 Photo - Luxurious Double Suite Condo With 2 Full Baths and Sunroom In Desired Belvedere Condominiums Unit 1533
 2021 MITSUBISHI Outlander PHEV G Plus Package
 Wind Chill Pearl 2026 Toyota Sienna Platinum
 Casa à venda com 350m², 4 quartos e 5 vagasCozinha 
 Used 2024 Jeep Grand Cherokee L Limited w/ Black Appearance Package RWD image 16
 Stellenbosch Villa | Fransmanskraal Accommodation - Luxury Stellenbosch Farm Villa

□ □ □ □

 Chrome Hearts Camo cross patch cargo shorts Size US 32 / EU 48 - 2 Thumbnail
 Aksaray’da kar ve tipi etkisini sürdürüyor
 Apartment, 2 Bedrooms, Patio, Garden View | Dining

□ □ □ □

→ WORK REQUIRED: The answer must consist of every line from the entries above that contains the string "Package".

→ FINISHED TASK:
 2021 MITSUBISHI Outlander PHEV G Plus Package
 Used 2024 Jeep Grand Cherokee L Limited w/ Black Appearance Package RWD image 16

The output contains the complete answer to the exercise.